* [What you need to do]: From the first line to the last, transcribe the data exactly and skip the pictures.

* [Collection entries]:
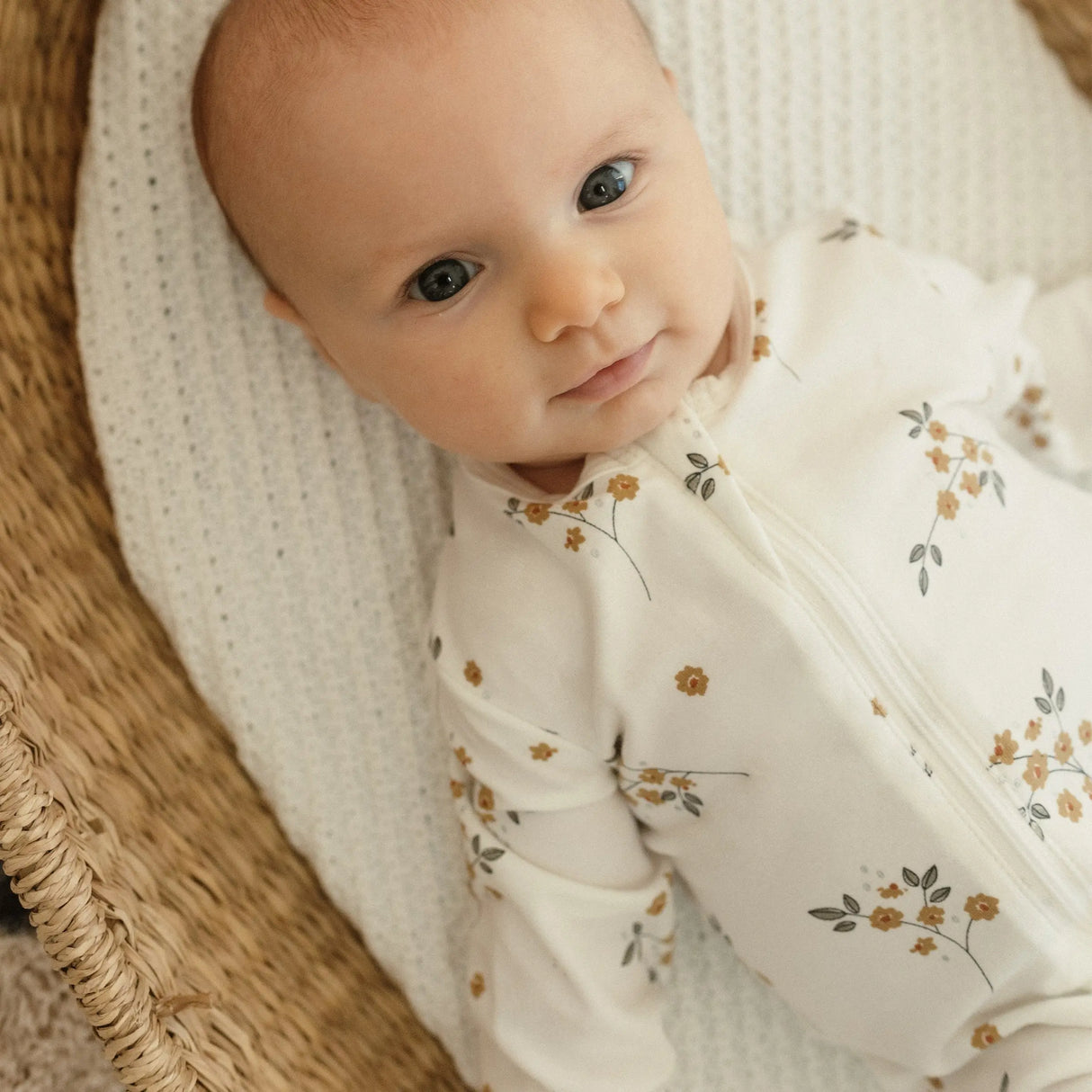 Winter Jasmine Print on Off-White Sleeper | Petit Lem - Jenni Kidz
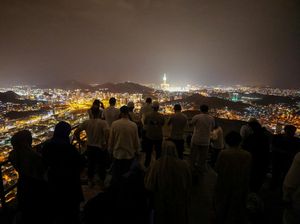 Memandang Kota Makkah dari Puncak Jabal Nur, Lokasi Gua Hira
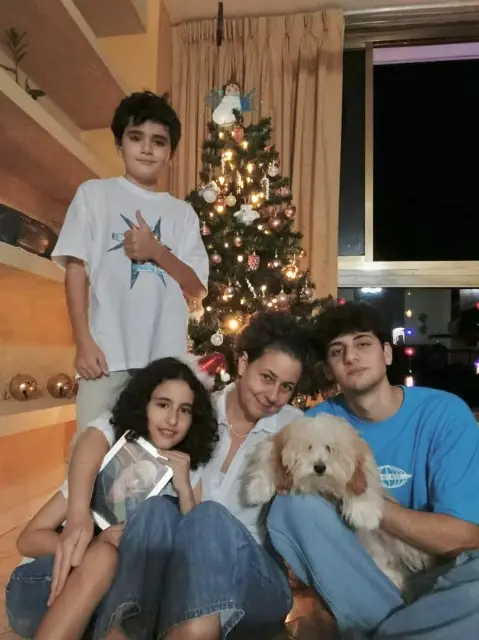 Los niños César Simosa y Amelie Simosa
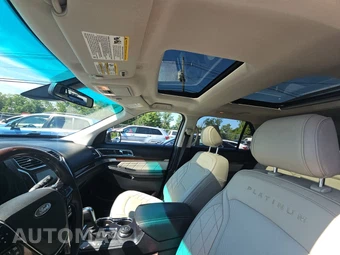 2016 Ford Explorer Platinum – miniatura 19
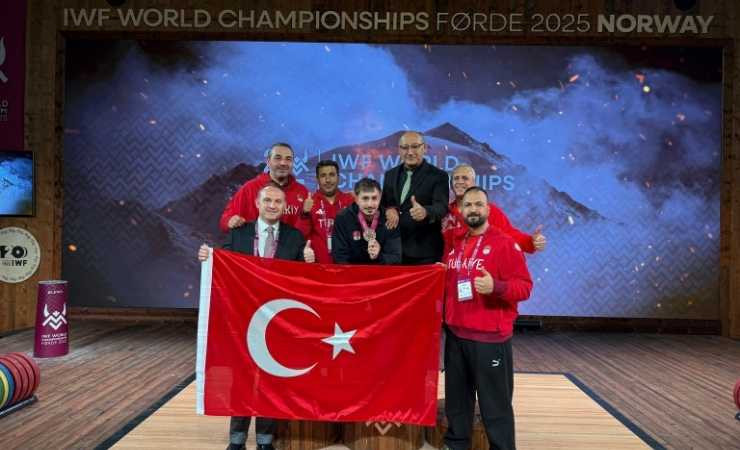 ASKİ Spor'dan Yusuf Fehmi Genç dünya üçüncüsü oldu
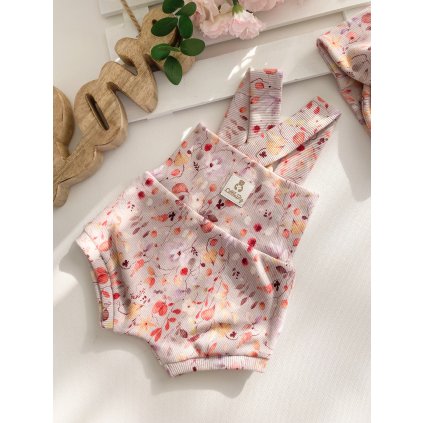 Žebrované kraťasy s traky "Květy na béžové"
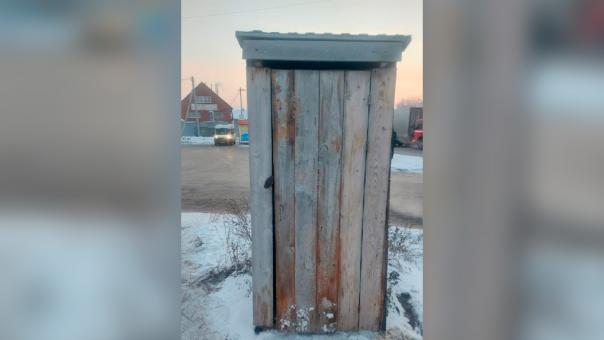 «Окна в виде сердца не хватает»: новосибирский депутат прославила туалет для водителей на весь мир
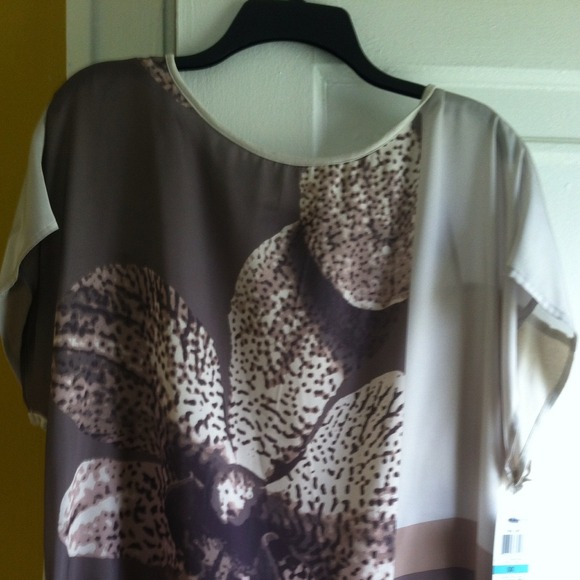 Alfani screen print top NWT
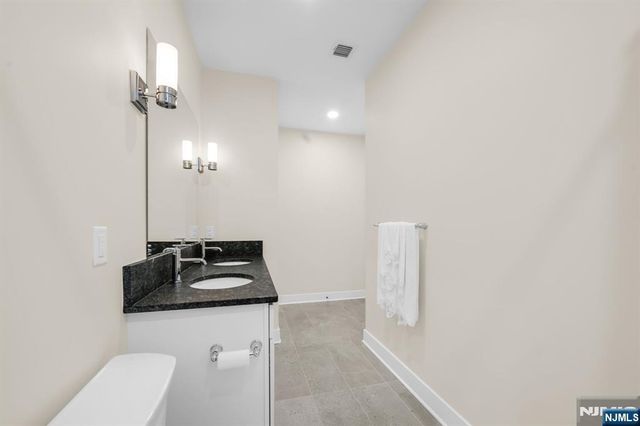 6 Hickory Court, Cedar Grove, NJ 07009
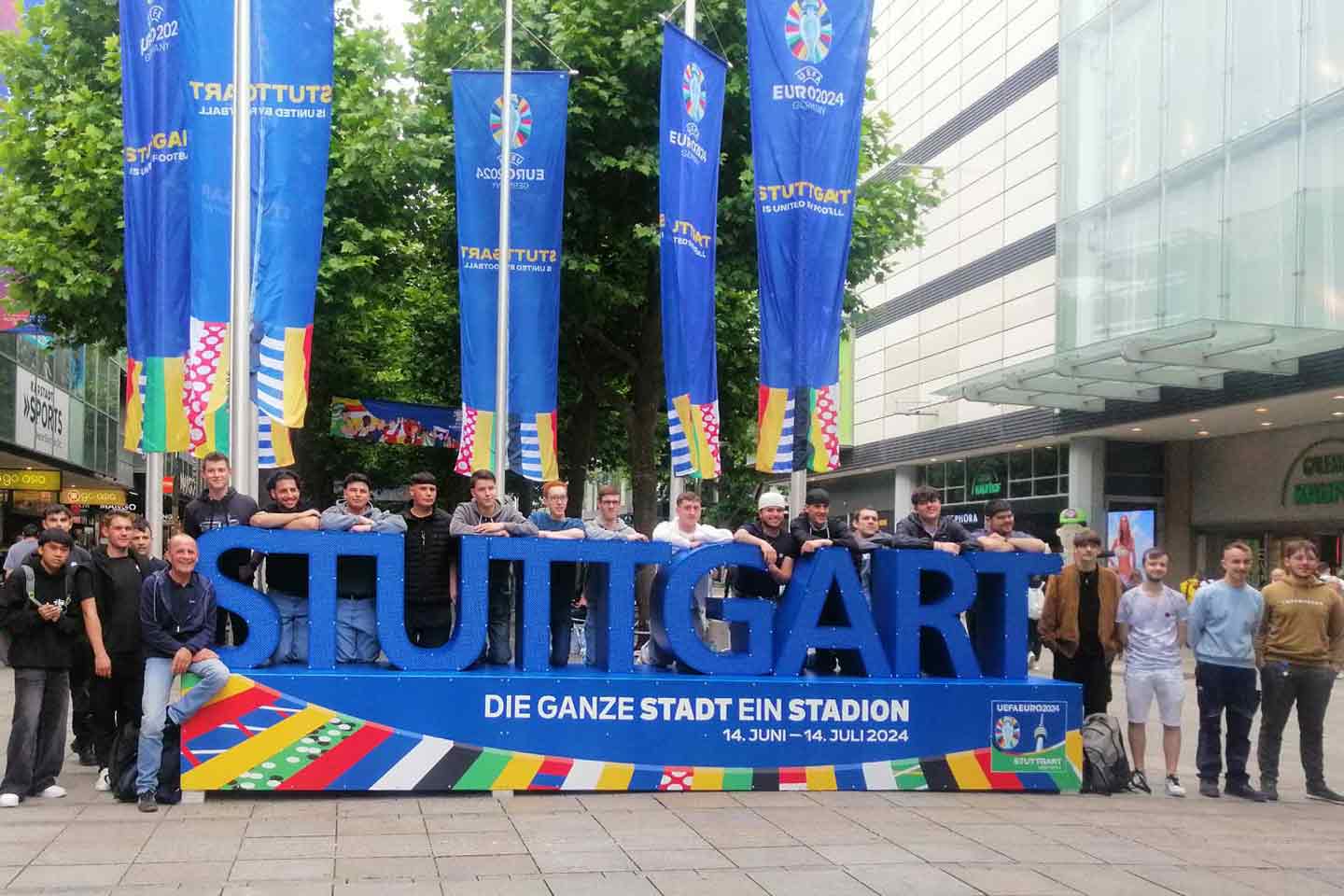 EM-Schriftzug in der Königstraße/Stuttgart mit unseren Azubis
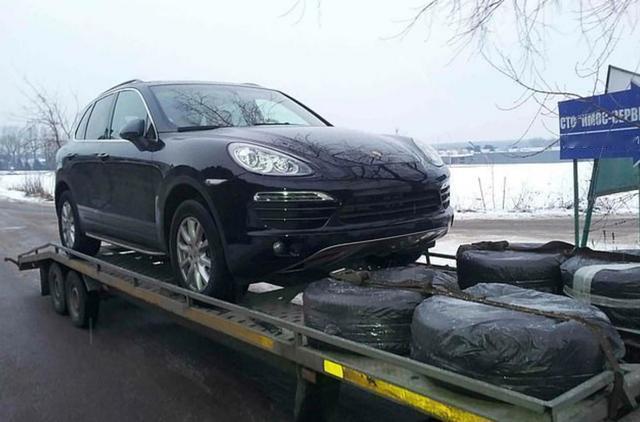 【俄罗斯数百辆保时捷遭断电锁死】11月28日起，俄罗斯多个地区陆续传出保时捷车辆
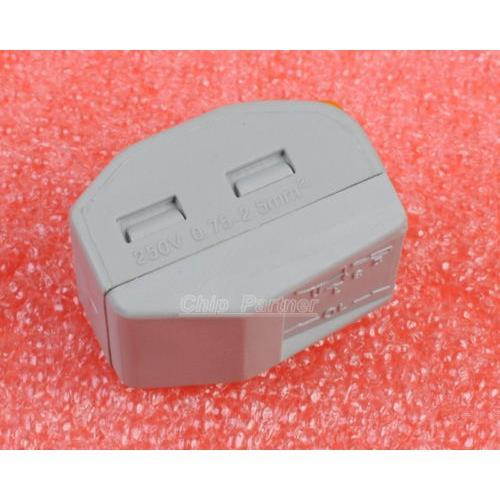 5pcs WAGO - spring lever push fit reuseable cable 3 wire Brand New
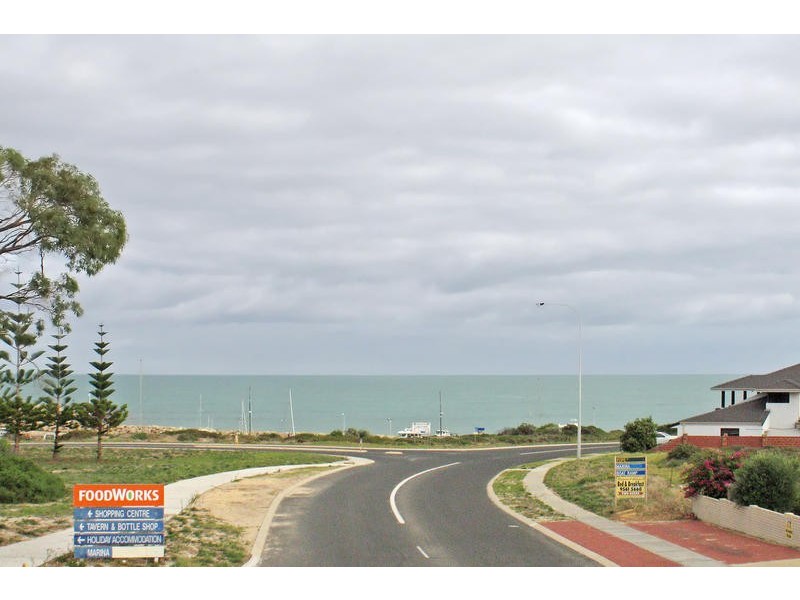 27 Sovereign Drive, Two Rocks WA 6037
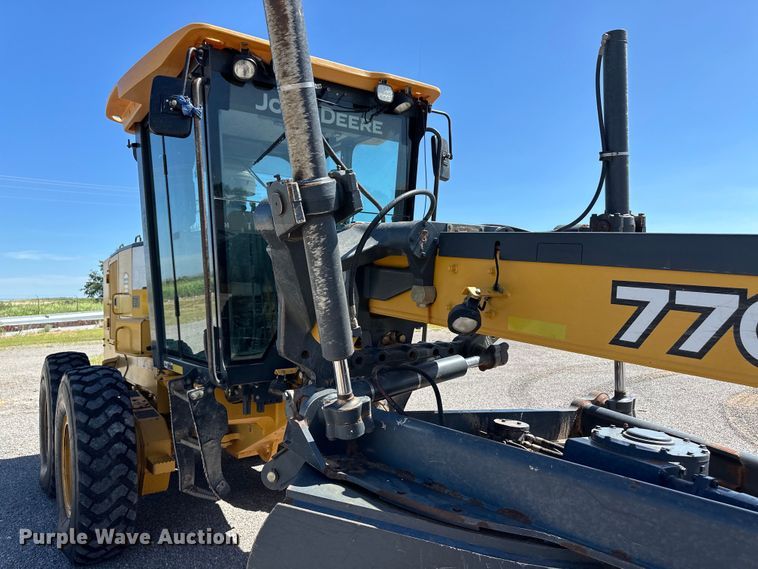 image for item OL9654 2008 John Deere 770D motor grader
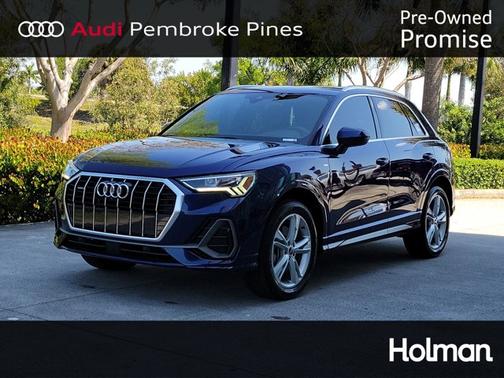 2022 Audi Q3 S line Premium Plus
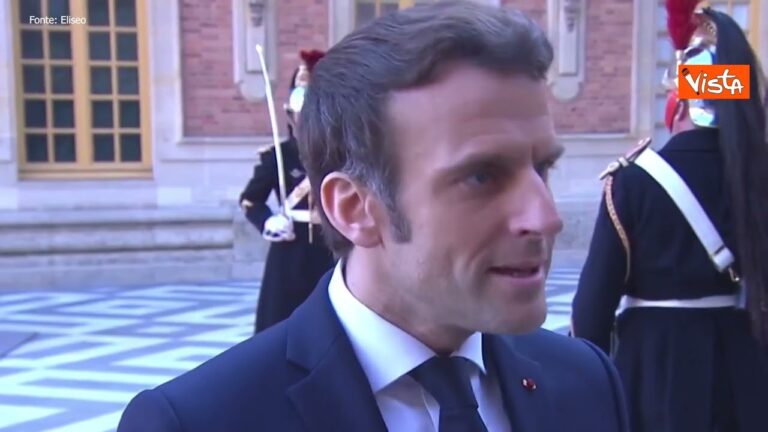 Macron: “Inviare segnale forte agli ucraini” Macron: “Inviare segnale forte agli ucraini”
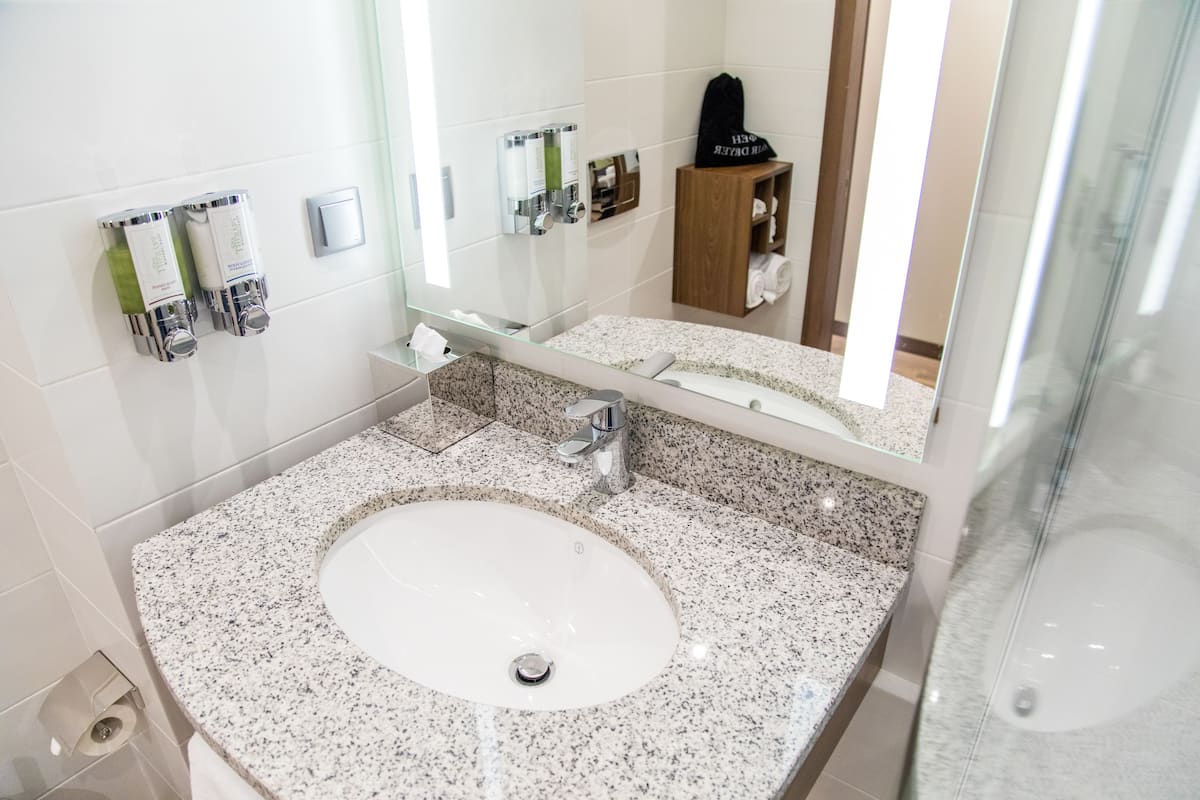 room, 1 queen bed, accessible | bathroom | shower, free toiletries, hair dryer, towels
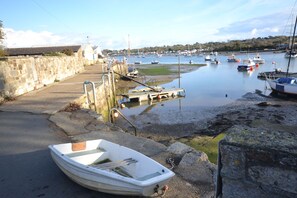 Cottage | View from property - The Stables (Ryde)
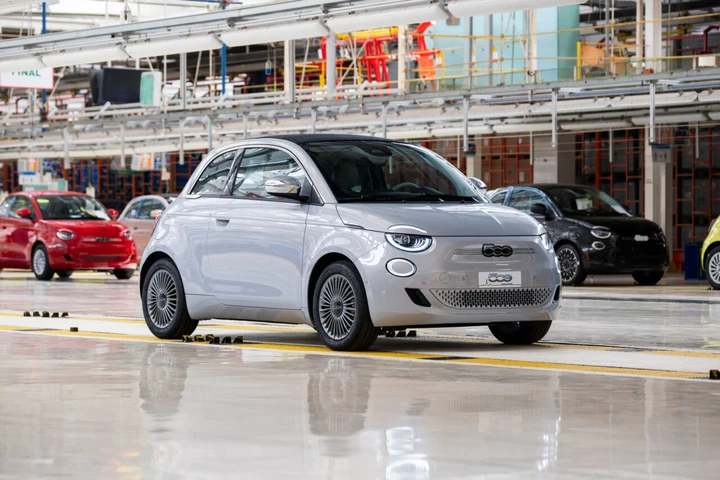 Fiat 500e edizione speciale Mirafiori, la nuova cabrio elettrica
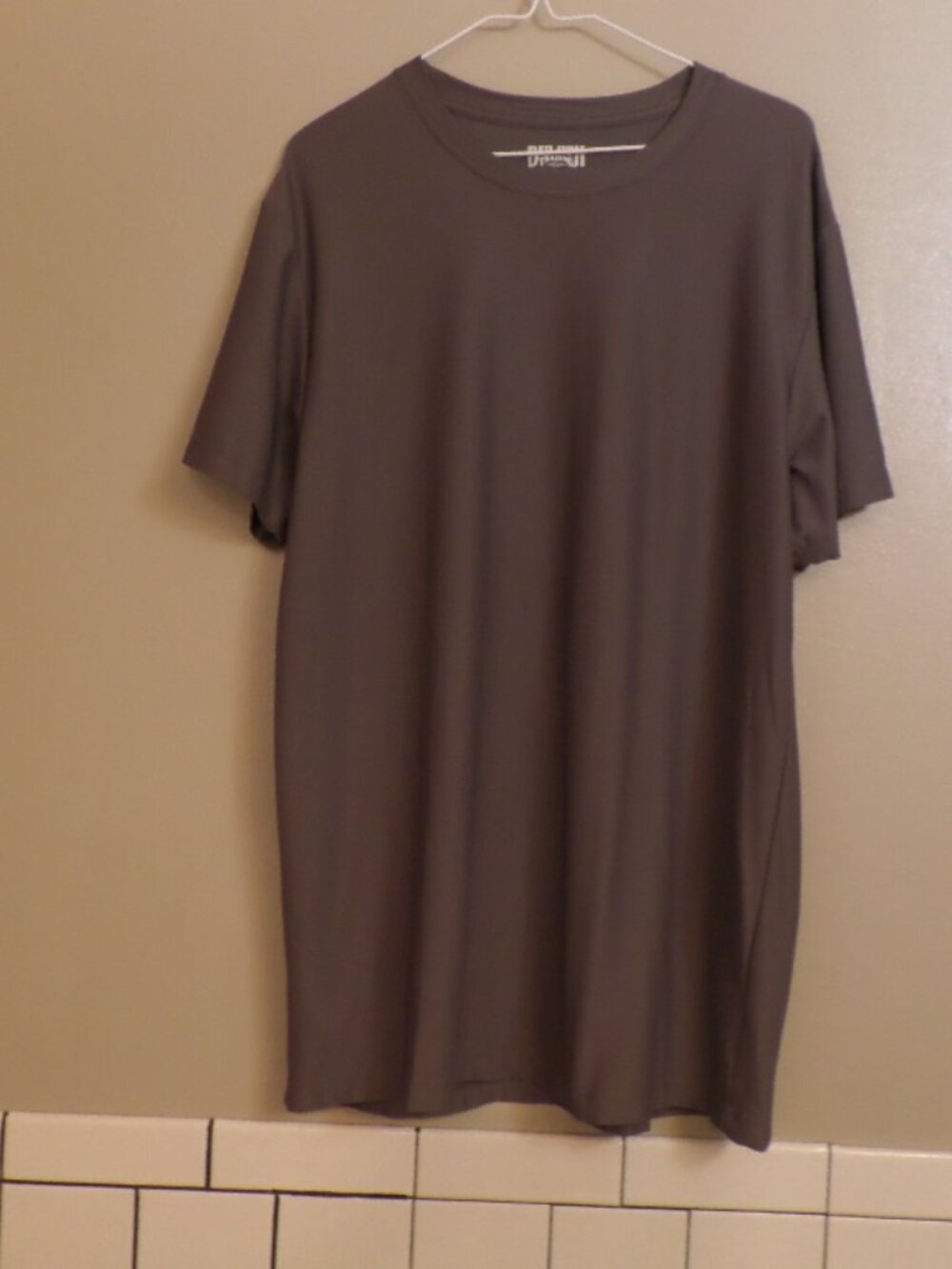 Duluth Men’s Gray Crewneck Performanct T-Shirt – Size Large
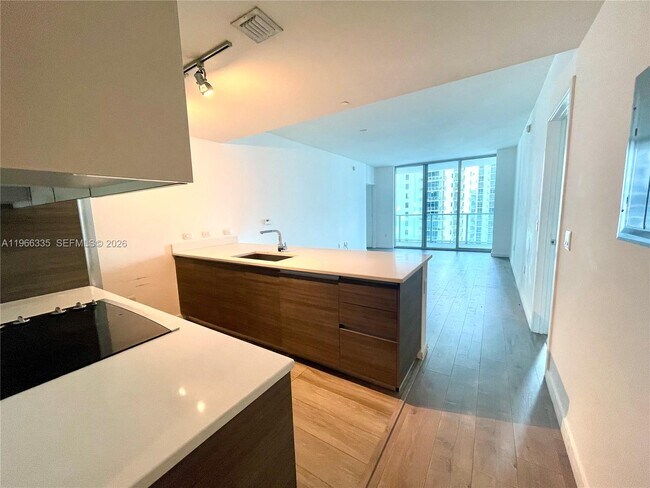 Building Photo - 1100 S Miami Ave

* [Answer for this exercise]:
 Winter Jasmine Print on Off-White Sleeper | Petit Lem - Jenni Kidz
 Memandang Kota Makkah dari Puncak Jabal Nur, Lokasi Gua Hira
 Los niños César Simosa y Amelie Simosa
 2016 Ford Explorer Platinum – miniatura 19
 ASKİ Spor'dan Yusuf Fehmi Genç dünya üçüncüsü oldu
 Žebrované kraťasy s traky "Květy na béžové"
 «Окна в виде сердца не хватает»: новосибирский депутат прославила туалет для водителей на весь мир
 Alfani screen print top NWT
 6 Hickory Court, Cedar Grove, NJ 07009
 EM-Schriftzug in der Königstraße/Stuttgart mit unseren Azubis
 【俄罗斯数百辆保时捷遭断电锁死】11月28日起，俄罗斯多个地区陆续传出保时捷车辆
 5pcs WAGO - spring lever push fit reuseable cable 3 wire Brand New
 27 Sovereign Drive, Two Rocks WA 6037
 image for item OL9654 2008 John Deere 770D motor grader
 2022 Audi Q3 S line Premium Plus
 Macron: “Inviare segnale forte agli ucraini” Macron: “Inviare segnale forte agli ucraini”
 room, 1 queen bed, accessible | bathroom | shower, free toiletries, hair dryer, towels
 Cottage | View from property - The Stables (Ryde)
 Fiat 500e edizione speciale Mirafiori, la nuova cabrio elettrica
 Duluth Men’s Gray Crewneck Performanct T-Shirt – Size Large
 Building Photo - 1100 S Miami Ave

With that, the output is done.